What point is symmetrical to (−1,−17) for the graph of y=−x2−16 ?(1 point) Responses (−17,−1) left parenthesis negative 17 comma negative 1 right parenthesis (1,17) left parenthesis 1 comma 17 right parenthesis (−1,17) left parenthesis negative 1 comma 17 right parenthesis (1,−17)
To find the point that is symmetrical to the point (-1, -17), we need to find the corresponding point that has the same distance from the axis of symmetry.
The equation y = -x^2 - 16 represents a parabola that opens downwards and has its vertex at the point (0, -16).
The axis of symmetry is a vertical line passing through the vertex, which in this case is the line x = 0 (the y-axis).
Since the point (-1, -17) is one unit to the left of the axis of symmetry, the corresponding point that is one unit to the right of the axis of symmetry would be (1, -17).
Therefore, the point that is symmetrical to (-1, -17) for the graph of y = -x^2 - 16 is (1, -17).
To find the point that is symmetrical to (-1,-17) for the graph of y = -x^2 -16, we can apply the principle of symmetry.
The equation y = -x^2 -16 represents a downward facing parabola with its vertex at (0, -16). The line of symmetry is the vertical line passing through the vertex.
Since the point (-1,-17) is one unit to the left of the vertex, the symmetrical point will be one unit to the right of the vertex.
Therefore, the symmetrical point to (-1,-17) is (1,-17).
To find the point that is symmetrical to (-1, -17) for the graph of y = -x^2 - 16, you need to reflect the given point across the line of symmetry.

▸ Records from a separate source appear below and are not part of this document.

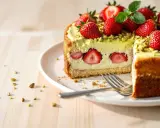 Gâteau fraisier pistache, garni de fraises fraîches et de pistaches concassées. Une part est coupée, révélant des rondelles de fraises à l'intérieur.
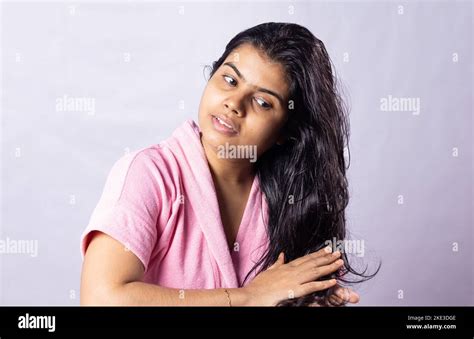 a beautiful indian woman applying hair oil on her black hair with smile on white background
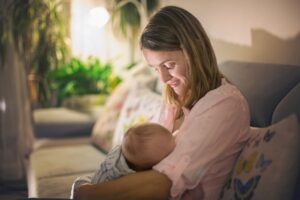 A woman holding her baby in the arms of another person.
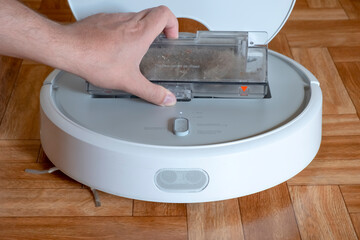 Cleaning the robot vacuum cleaner dust bin, robot vacuum cleaner maintenance service. Cleaning the...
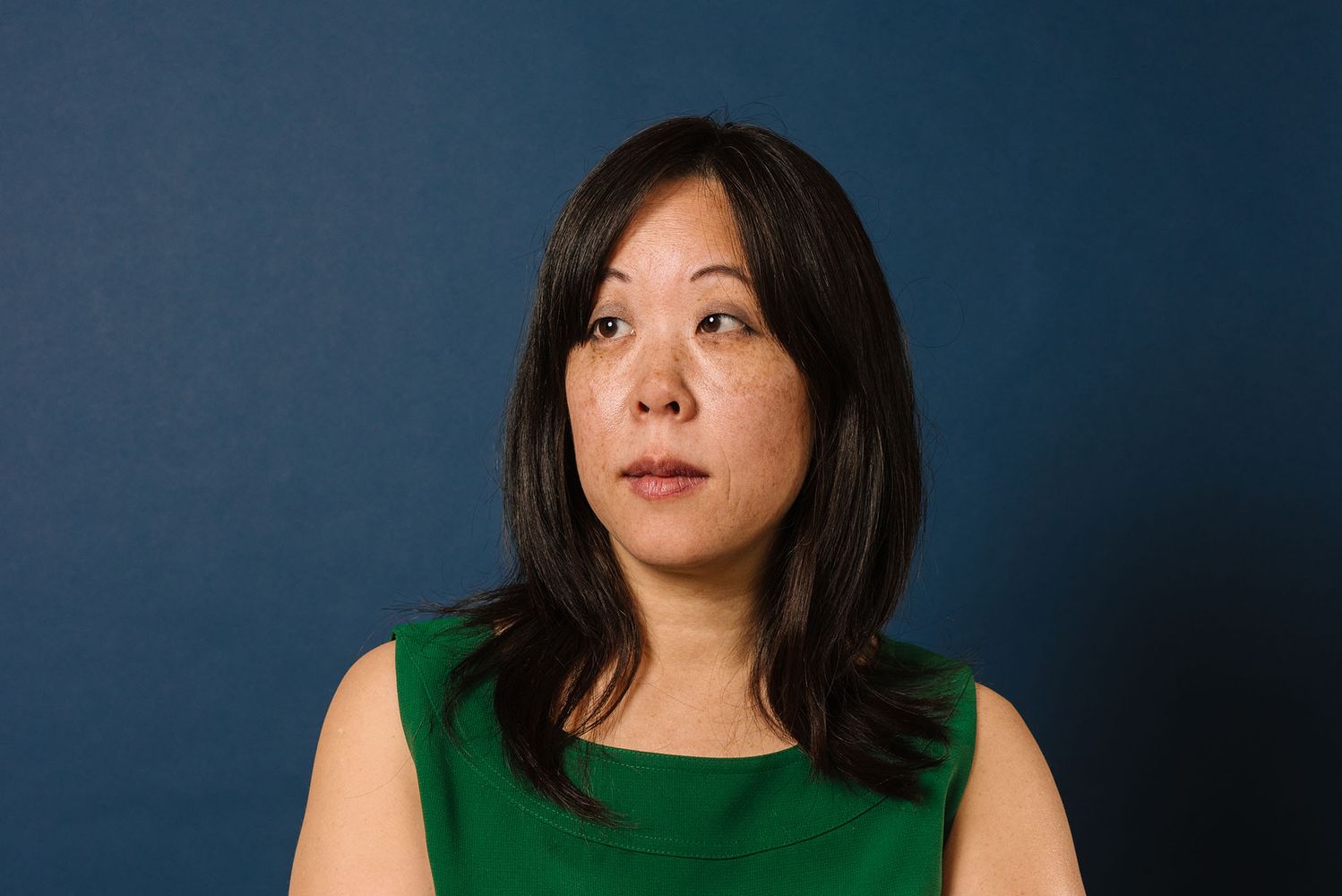 Photo: An Asian woman with mid-length dark hair in a green tank top posing in front of a dark background and looking off to the side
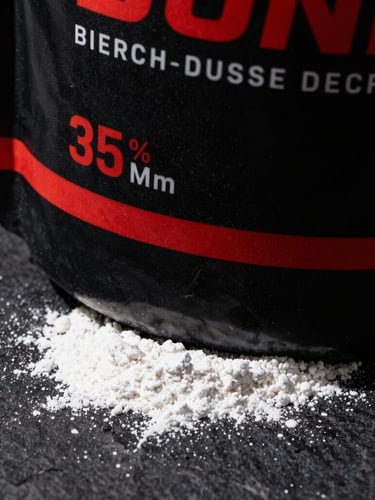 Tight close-up of premium black supplement packaging with sharp crimson accents, dramatic key lighting, raw white powder texture visible on a dark stone surface, 35mm lens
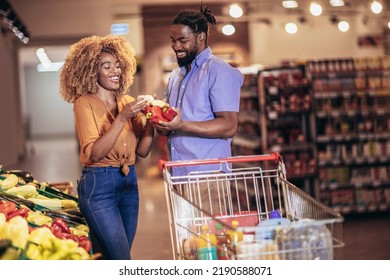 African american couple shopping for healthy fresh food at produce section of supermarket. - Powered by Shutterstock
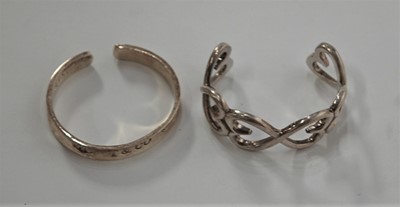 Lot 431 - A Tiffany & Co 925 STYLE silver bangle; and...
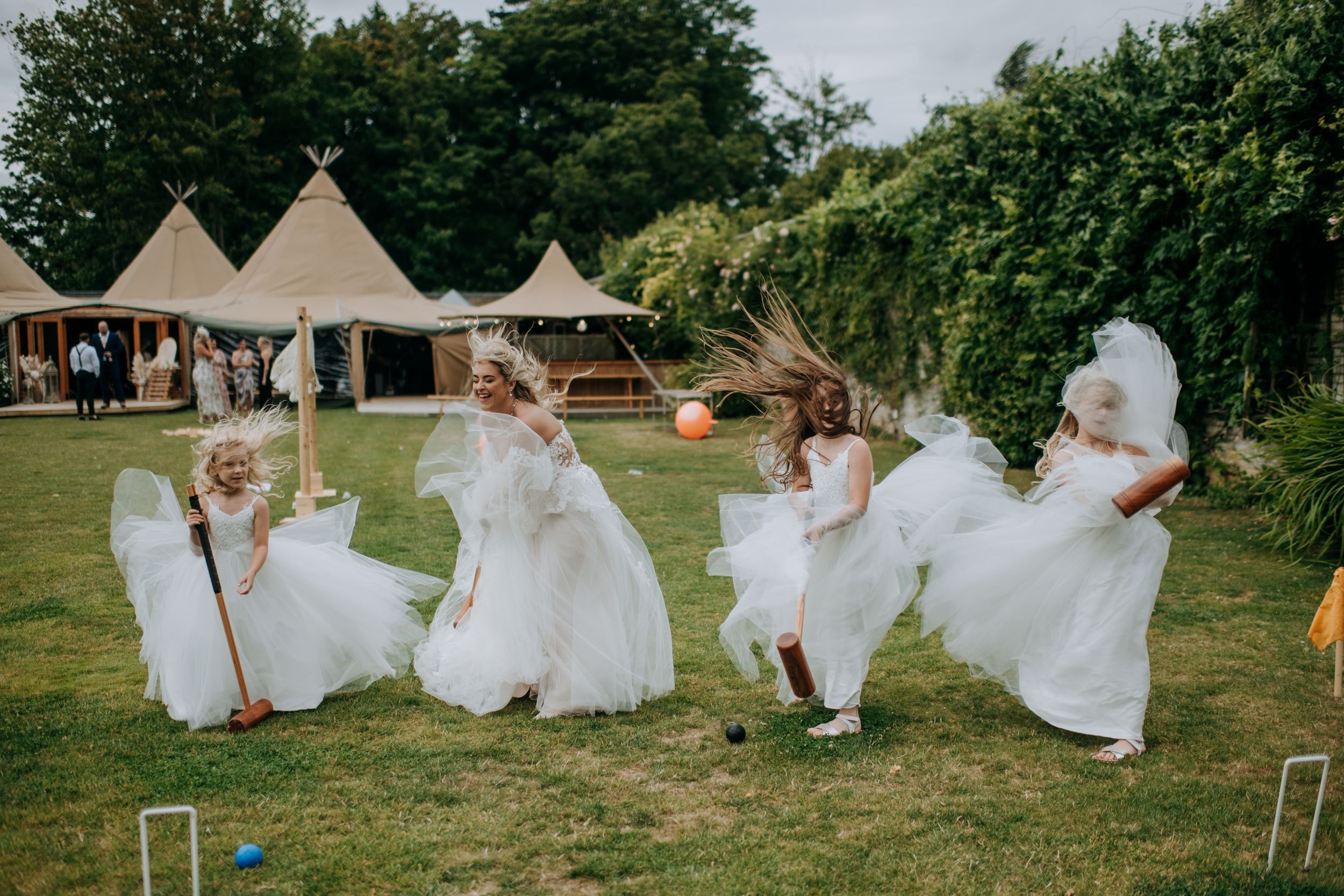 Bridesmaids playing garden games at Scrivelsby wedding venue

In this case, the line of symmetry is the y-axis because the equation is in the form y = f(x) (a symmetrical function). So, all points on the graph that have the same x-values but opposite y-values are symmetrical to each other.
To reflect a point across the y-axis, you need to change the sign of the y-coordinate. Therefore, the symmetrical point to (-1, -17) will have the same x-coordinate (-1) but the y-coordinate will be positive. So, the correct answer is (−1, 17).